Coinbase’s UK arm, CB Payments Limited, got slapped with a hefty $4.5 million fine from the Financial Conduct Authority (FCA). Why? They broke a promise to keep high-risk customers off their platform.
What Happened?
Back in 2020, CBPL agreed to limit onboarding new customers the FCA considered “high-risk.” This was supposed to help prevent criminal activity and money laundering. But guess what? CBPL let 13,416 high-risk customers join anyway!
The FCA wasn’t happy. They said CBPL’s controls were “seriously flawed” and they weren’t doing enough to protect against financial crime.
The Fallout
This fine is a big deal. It’s the first of its kind in the crypto world and sends a clear message: companies need to take financial crime seriously. If you don’t follow the rules, you’ll face consequences.

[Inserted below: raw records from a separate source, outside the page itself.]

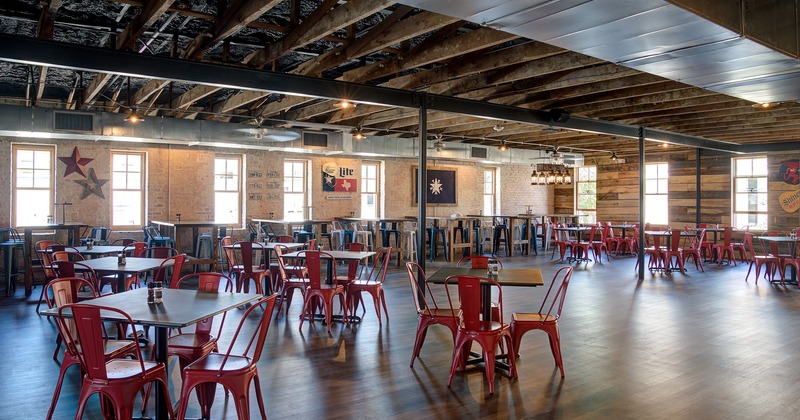 Interior space, seating area with tables and chairs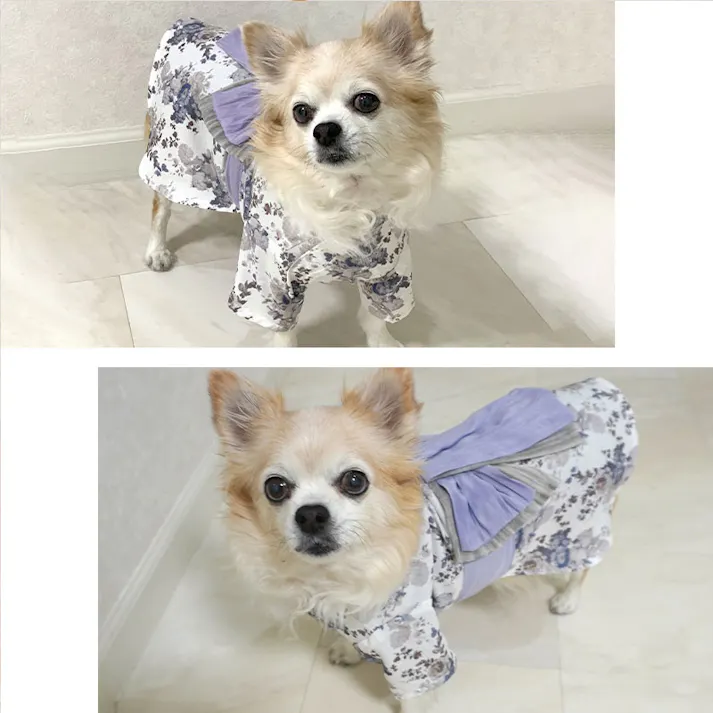 ONEKOSAMA OINUSAMA DESIGNERS GUILD 浴衣 ペットウェア 花柄 ブルー M 小型犬 洗える ons0102-bl-M【別送品】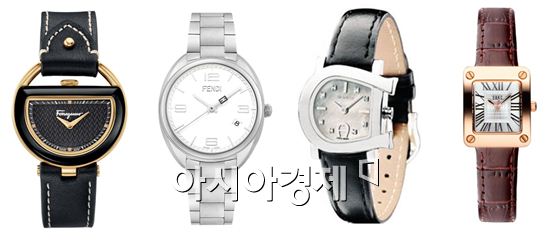 (왼쪽부터) 페라가모, 펜디, 아이그너, 닥스 by 갤러리어클락
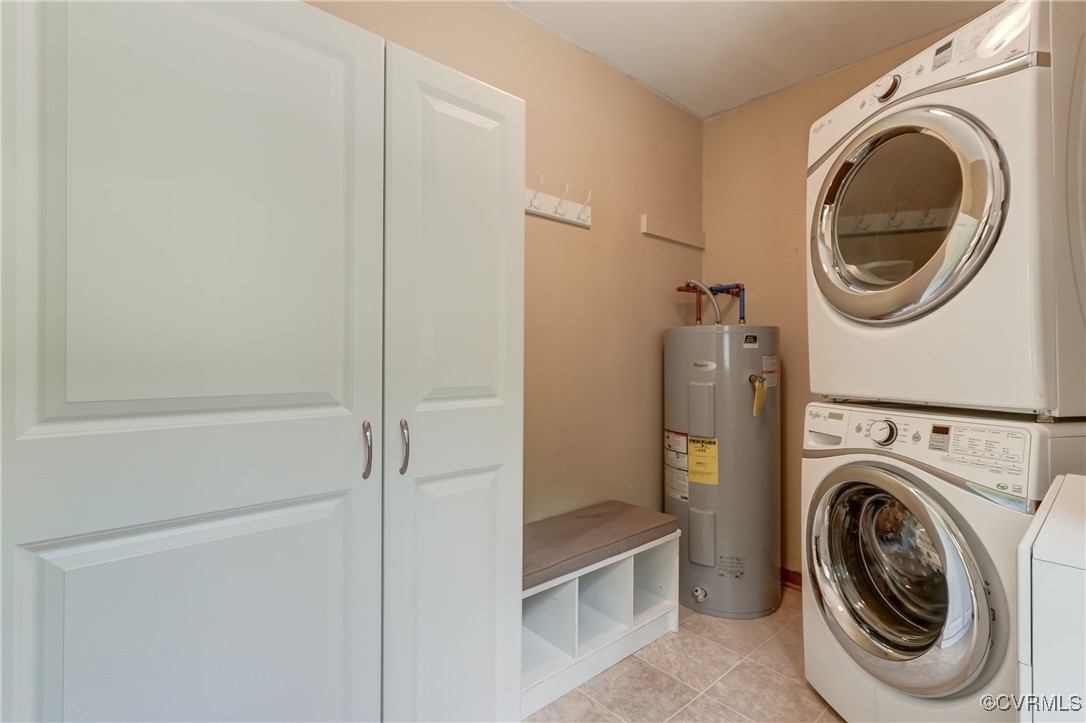 4509 Lockin Road Powhatan, VA 23139 - Photo 17 of 38 Washroom with water heater, stacked washing machin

Coinbase’s stock took a hit after the news broke, dropping nearly 2%.
Coinbase’s Response
Coinbase said they’re committed to following the rules and acknowledged they messed up. They’re working to improve their systems and said the FCA recognized their cooperation with the investigation.
They also pointed out that only 0.3% of new customers were high-risk, so it was an accident.
What’s Next?
Everyone’s watching to see how Coinbase fixes this problem. Will they be able to regain trust and prove they’re serious about following the rules?